__Work to be completed__. Would you restate the listing word for word, with the images omitted?

__Data block__.
----

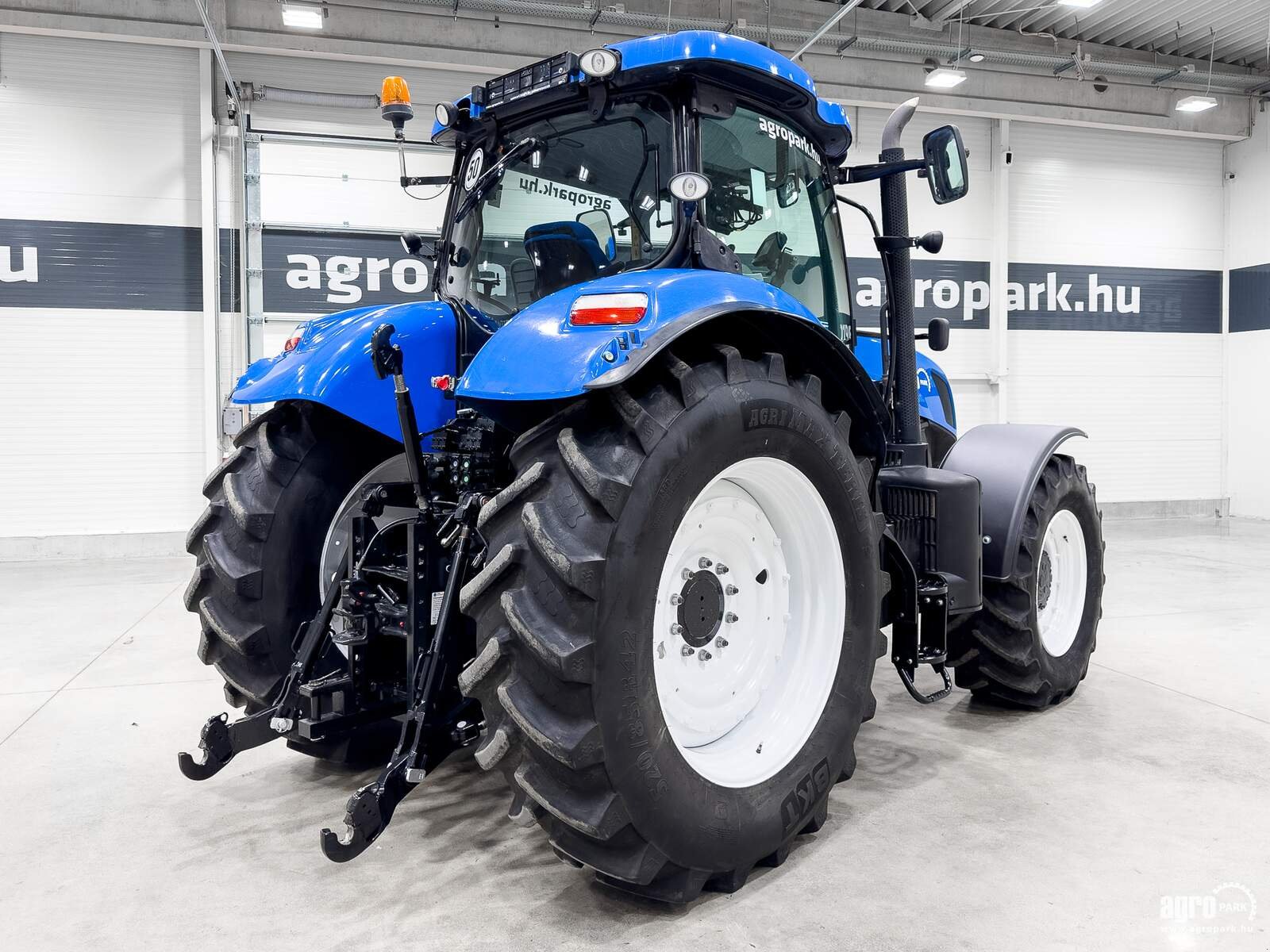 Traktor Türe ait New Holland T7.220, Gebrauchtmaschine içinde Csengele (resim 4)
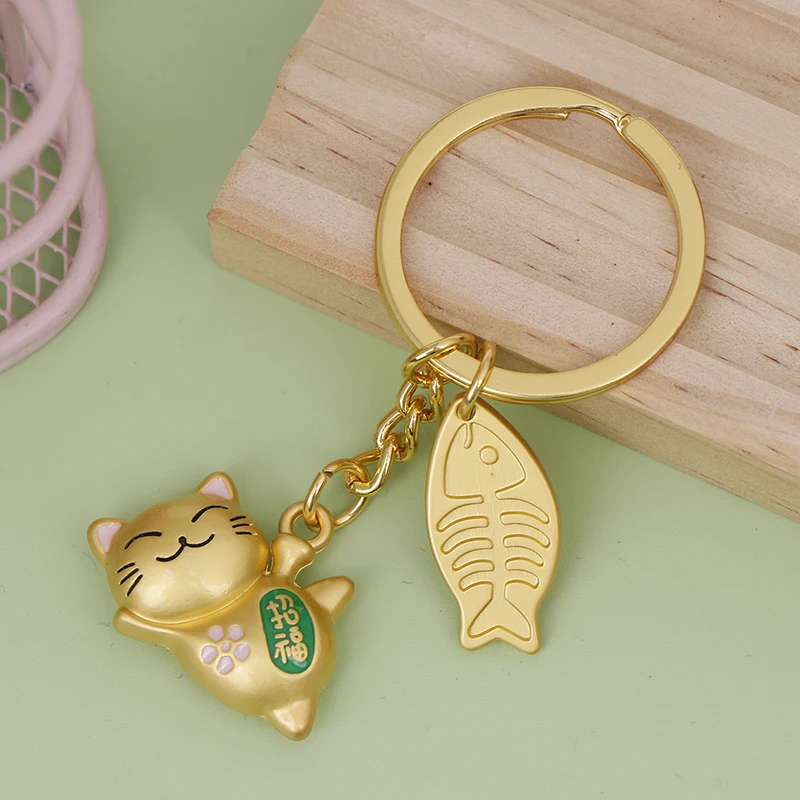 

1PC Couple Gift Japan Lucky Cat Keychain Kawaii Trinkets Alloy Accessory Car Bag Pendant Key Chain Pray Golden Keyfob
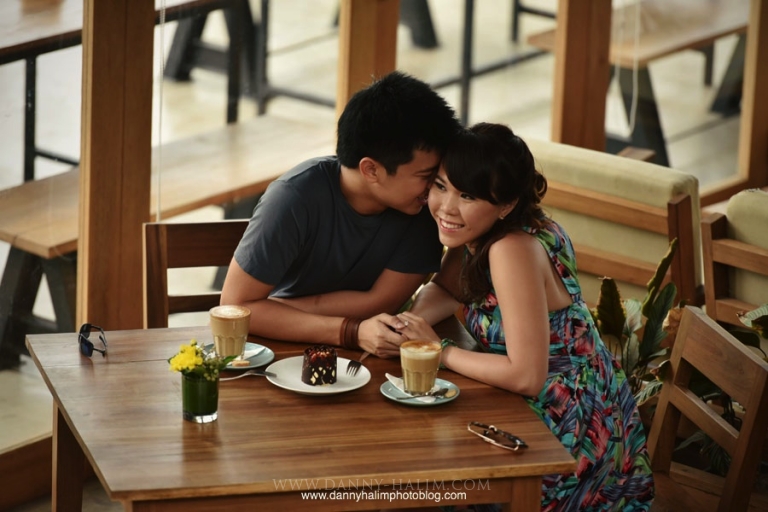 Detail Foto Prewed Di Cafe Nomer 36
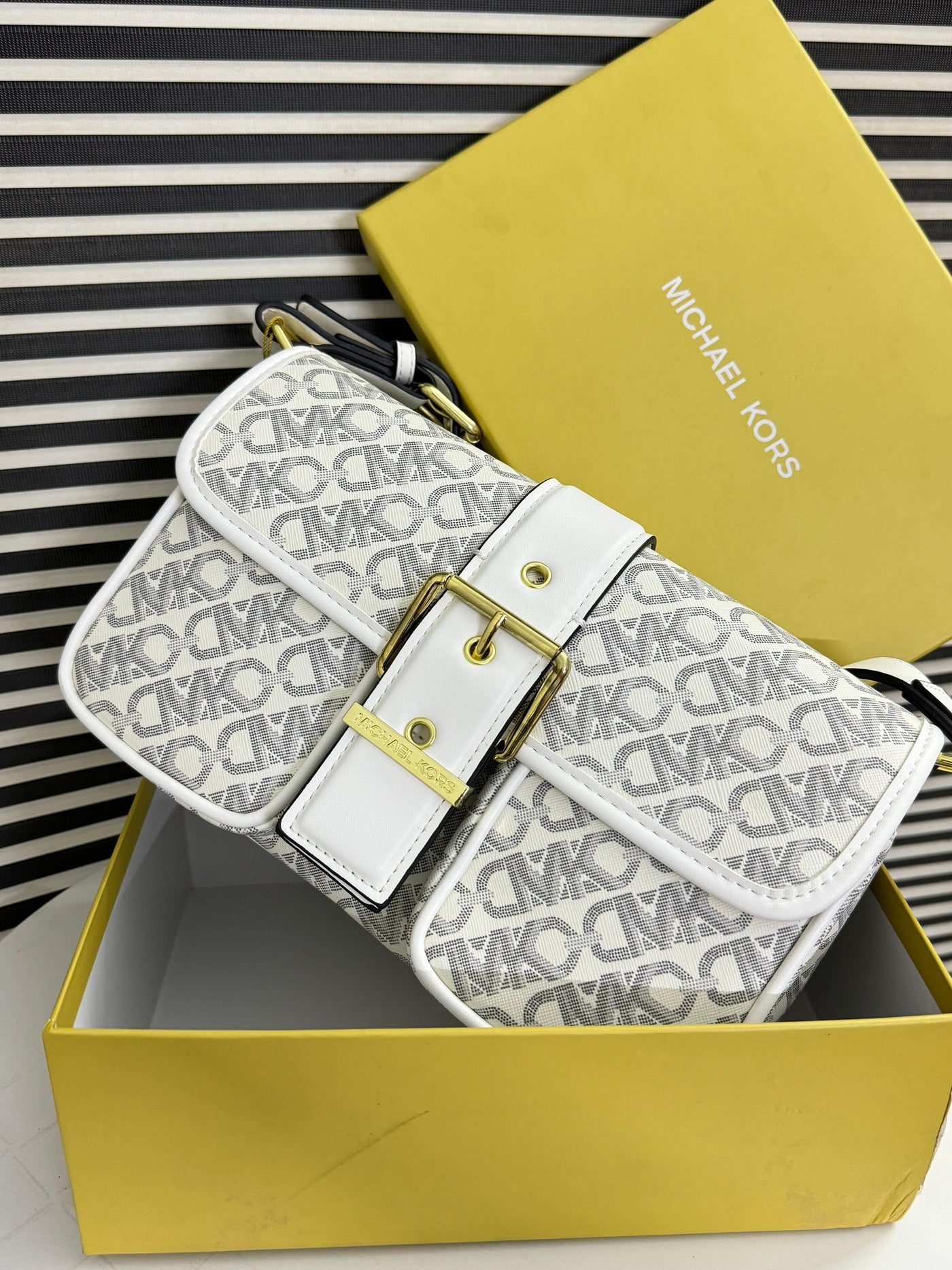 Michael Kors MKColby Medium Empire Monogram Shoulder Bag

----

__Solution to this task__.
 Traktor Türe ait New Holland T7.220, Gebrauchtmaschine içinde Csengele (resim 4)

1PC Couple Gift Japan Lucky Cat Keychain Kawaii Trinkets Alloy Accessory Car Bag Pendant Key Chain Pray Golden Keyfob
 Detail Foto Prewed Di Cafe Nomer 36
 Michael Kors MKColby Medium Empire Monogram Shoulder Bag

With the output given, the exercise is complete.